双子の兄はもちろん同じ年で、3つ上の長男だって、目を離してはいられない年齢です。それを限られた大人で監視しながらの不慣れな海外旅行。その途中でした。
左右を巨人のように大きな現地人が行きかっていた記憶が薄らと残っています。彼らをぽかんと見上げていた私は、腕白な兄から目を離せない祖母の気忙しい声を聞きました。
「真っ直ぐ歩きなさい」
未だに歩き方がおかしいと言われるのですが、その頃から内股だったのだと思います。
けれど、5歳だった私は、内股の概念すらありませんでした。
何の説明もなく一言、「真っすぐ歩け」という指示に対して、私は曲がってはいけないんだと思いました。

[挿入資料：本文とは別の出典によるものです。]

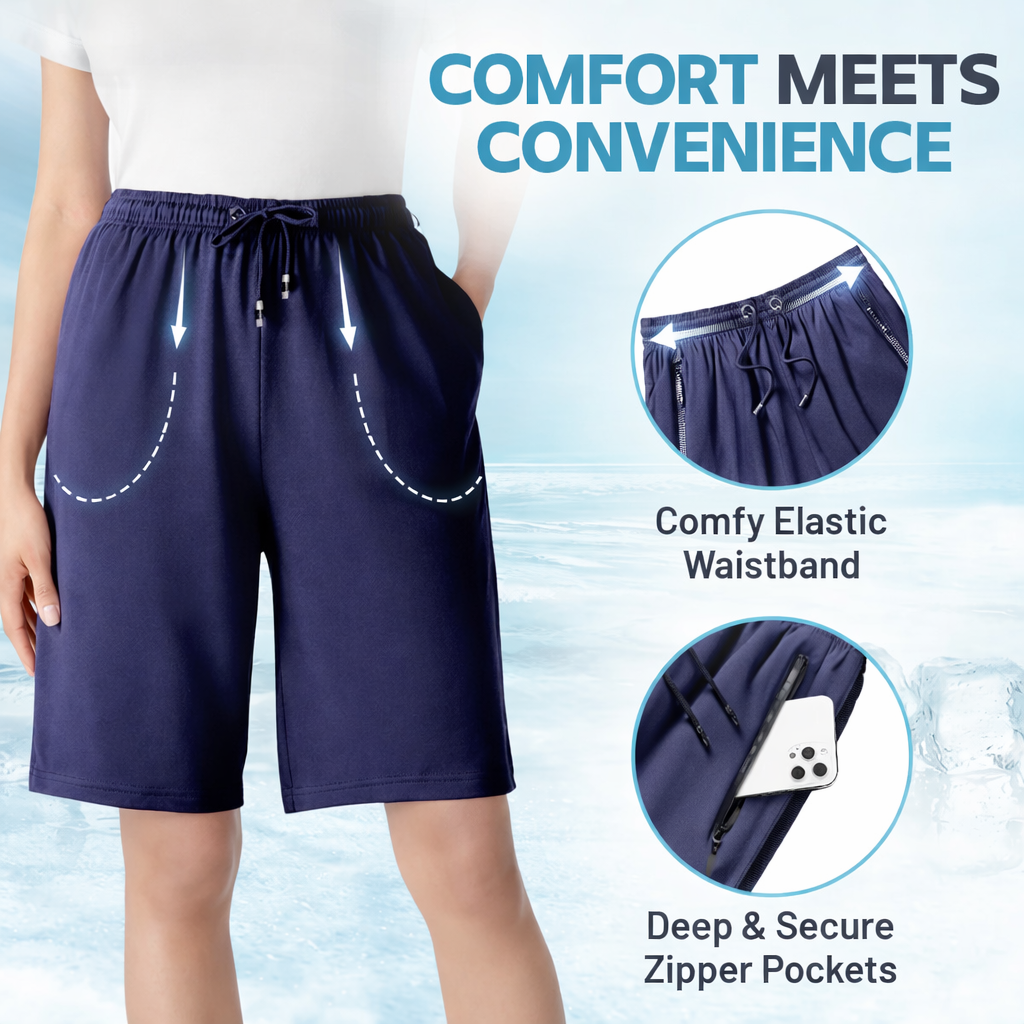 Unisex Ice Silk Stretch Quick-Dry Shorts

つまり、本当に真っ直ぐ歩いたのです。多くの人が行きかう空港で。
今、考えれば笑ってしまうような勘違いですが、幼い私はとても真面目に真剣にその指示を全うしようとしました。そして、足元だけを見て一歩一歩真っ直ぐに足を出すように細心の注意を払います。
そんなことをすれば、どうなるかなんてすぐにわかります。
正面から来た巨人との正面衝突――
けれど、それは一歩手前で回避されました。
祖母が直前で私の腕を引っ張ったのです。
真っ直ぐ歩けと指示を出した張本人である祖母にそのミッションを邪魔され、5歳の私は訳がわからず、あっけにとられました。

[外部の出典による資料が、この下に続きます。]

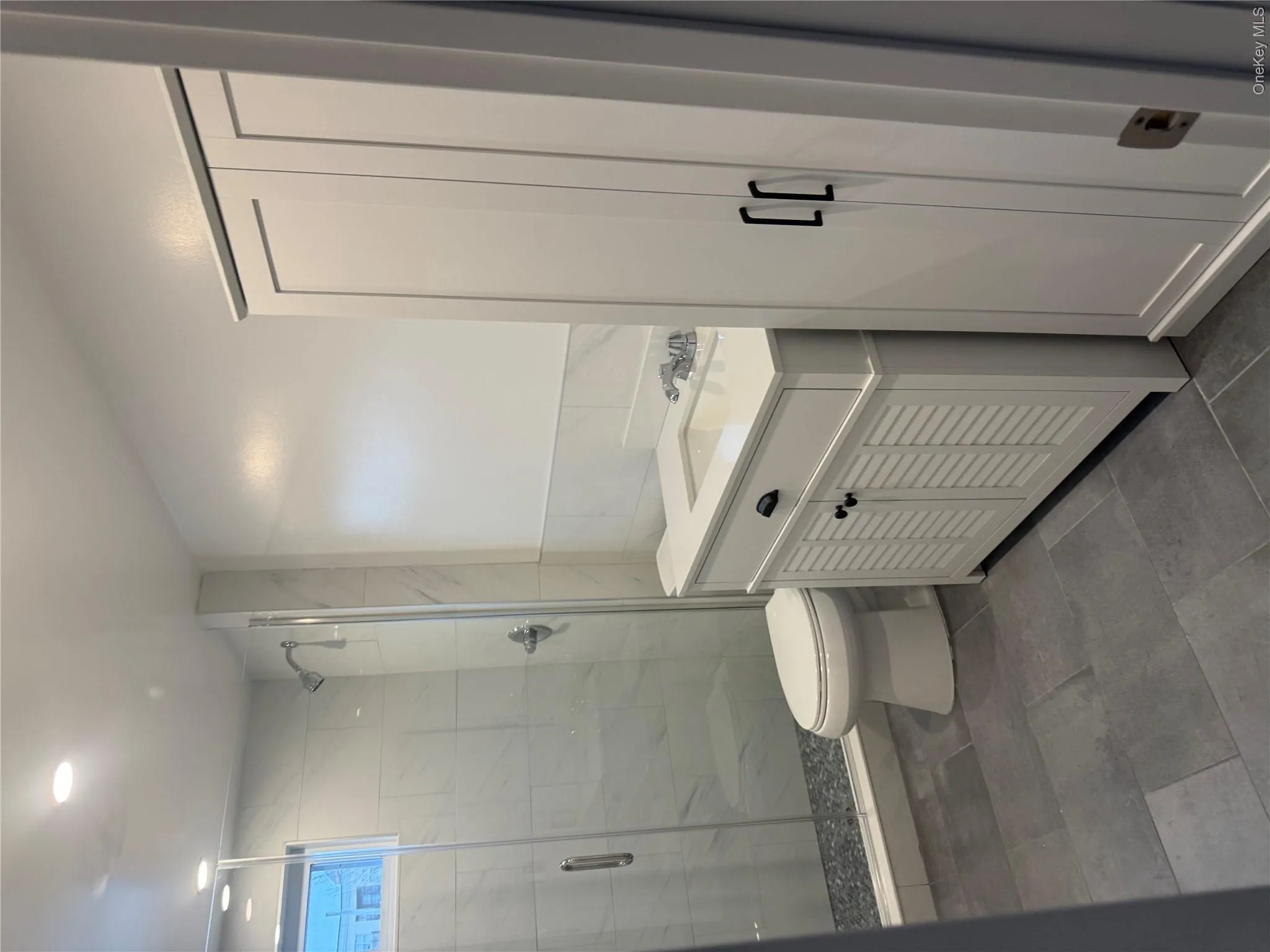 2nd floor bath all new with glass in over-sized shower 2nd floor bath all new with glass in over-sized shower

なんで? とすら言えないくらいにびっくりしていたのです。
そんな声の出せない私に、祖母は、
「何やってるの!」
と一喝しました。
そうして、やっと私は指示を勘違いした事に気づいたのです――
祖母は礼儀を大切にする人でした。
挨拶をしなさい。
玄関に上がる時は靴をそろえなさい。
お礼を言いなさい。
行儀よくしなさい。
恐らく祖母が言わなければ、母が教えたであろう基本的な事ではありますが、両親は共働きで、学校から帰るといつも家にいるのは祖父母でした。なので、私は基本的なしつけや礼儀は祖母から教えられることが多かったのです。
祖母は身近でありながら少し恐いとも思っていました。少々気分屋なところがあった母と比較すると厳格というイメージを持っても仕方なかったと思います。
祖母と暮らしたのは高校まででした。
高校時代の私はガリ勉で、朝は4時に起きて自習してから学校に行き、学校から帰ってくればすぐに部屋にこもってまた勉強するという生活でした。そんな私を一番よく知っていたのは、同じように朝が早くてずっと家にいる祖母でした。私の事を勤勉、真面目だと言ってくれていました。
高校を卒業して私は実家を出ました。
浪人したものの、旧帝大に合格した時は祖母は喜んでくれました。
祖母の家系は教師が多く、学歴のある人も多かったようですが、それでも旧帝大の国立大学出身者というのは稀だったようです。
「頑張ったね」
そう言ってくれました。
嬉しいのと同時に、私は祖母に対してダメな自分を見せてはいけないという強迫観念のようなものを感じていました。浪人した時でさえ、一番反応が恐ろしかったのは祖母でした。だから、合格を喜ぶ祖母を見た時、喜びよりも安堵を感じていました。
勤勉で真面目でちゃんとした私ししか見せてはいけないと思っていたのです。
けれど、私は挫折しました。
留年をして、本来は法曹の世界に進もうと話していたのにそれすらくじけてしまいました。
大学を卒業して、故郷から離れた東京で就職すると決めた時、祖母は理由を問いませんでした。
就職場所を故郷以外の場所に決めた理由は様々ありましたが、挫折した私を見せたくないという1粒の欠片は確かに存在しました。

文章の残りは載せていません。